Certificates of Deposit are crypto's latest trend, but what about the tax consequences?

The art of DeFi is becoming big business, with many people choosing to invest their money in crypto protocols that offer wallet-watering returns. There are a plethora of ways in which investors can choose to farm their crypto assets, with Certificate Of Deposit protocols being the latest trend. Such protocols allow you to buy tokens, stake them, earn rewards during the life of the stake, and have access to your principal tokens and reward tokens at the End of Stake (EOS). Whether or not the EOS generates a taxable transaction is an interesting debate (Note: HMRC released updated gudiance on 2 Feb 2022 in relation to the taxation of DeFi activity - see our article Crypto Tax for Defi - Lending and Staking). 

When we consider what is actually happening at EOS, it would be entirely reasonable to ignore any growth in value of the principal tokens until such a point in time when they are actually disposed of (e.g. sold, exchanged, used to pay for something etc). Only then, should the EOS tokens become chargeable to capital gains tax (CGT) or loss making.
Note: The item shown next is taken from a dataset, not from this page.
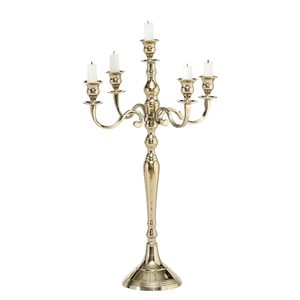 Candélabre en aluminium argenté à 5 bras, fait main, écologique, imprimé en typographie, centre de table de mariage, décoration intérieure, marque SHAH - Product Image 3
It should be noted that the reward tokens, according to current HMRC guidance, should be charged to income tax at the point of EOS, but these will then also be treated as a CGT transaction when they are eventually disposed of.
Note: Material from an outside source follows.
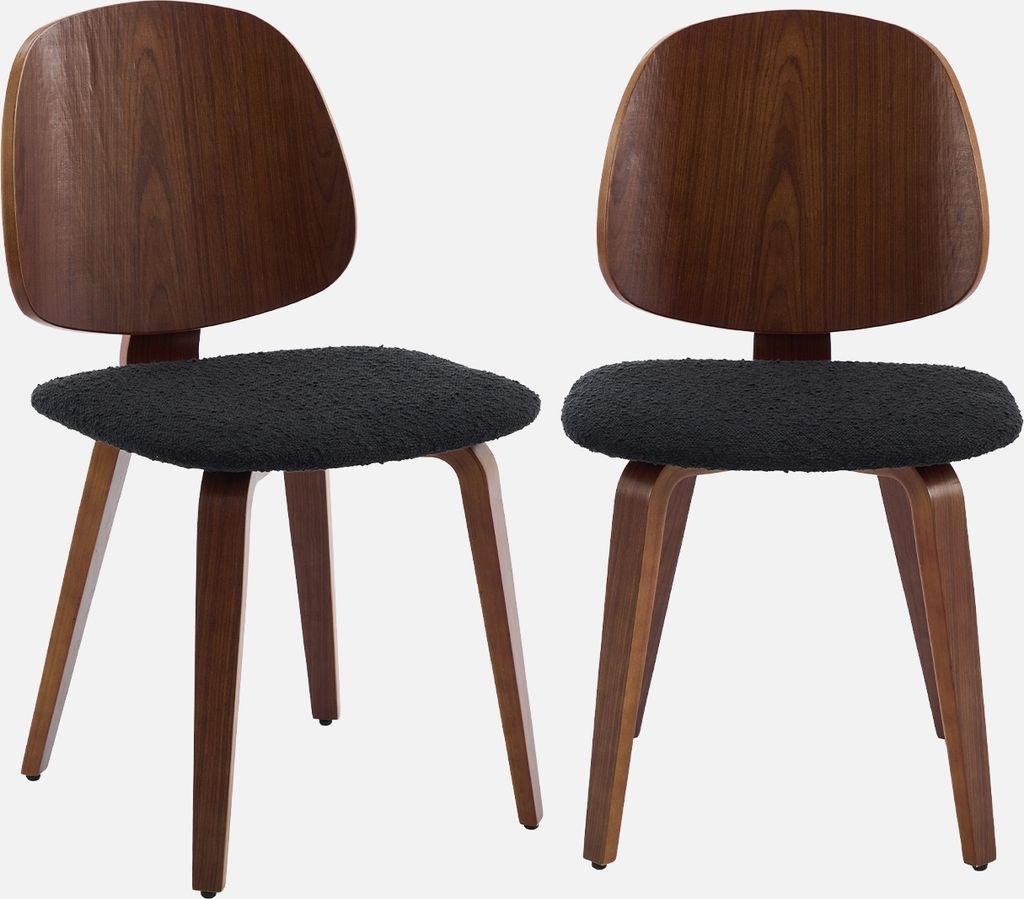 Set 2 sedie in legno e tessuto bouclé, Nero Immagine del prodotto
Stripping this back further, effectively your principal tokens have just been held, albeit burned and swapped for stake shares (the stake shares determine your rate of return in reward tokens during the life of the stake). The fact you’ve staked your tokens means your principal has appreciated more in value than simply holding in your wallet (in token volume at least), so at the point of EOS, they just become tradeable in your wallet again. Until you do anything else with the principal and reward tokens, other than just holding them in your wallet, there is no reportable CGT transaction, as there has been no transfer of value until that point. This should include re-staking your tokens in the same protocol, as all you are doing is holding them, but in a ‘staked’ position.

Some protocols understand that timing is everything when it comes to tax. The likes of HEX offer a Good Accounting Function, which allows investors to retain tokens in their staked position for a set period of time post-EOS, without charge. This should allow investors who intend to convert their tokens into fiat currency and therefore trigger a taxable event, to push any gains into the following tax year without any risk of having made a taxable gain right at the end of the existing tax year.

In some instances it is possible to end a stake early by paying a penalty, potentially causing a capital loss at the same time. The only presumed reason an investor would want to do this would be if they needed to convert their crypto to fiat immediately, regardless of the loss making position. This is the point in time at which a loss would be crystalised for CGT purposes. If the tokens are simply un-staked and are held in a wallet, at a loss, there is no loss making transaction at that point in time, the same as there is no tax transaction for tokens with gains if held in a wallet post-EOS.

As for the record keeping with all of this, as well as keeping up to date with constantly changing guidance, and tax rules and rates, a combination of good crypto accounting software and a crypto savvy advisor, should be your next steps.

Don't overlook the fact that staking rewards earned as interest are taxable at the end of stake.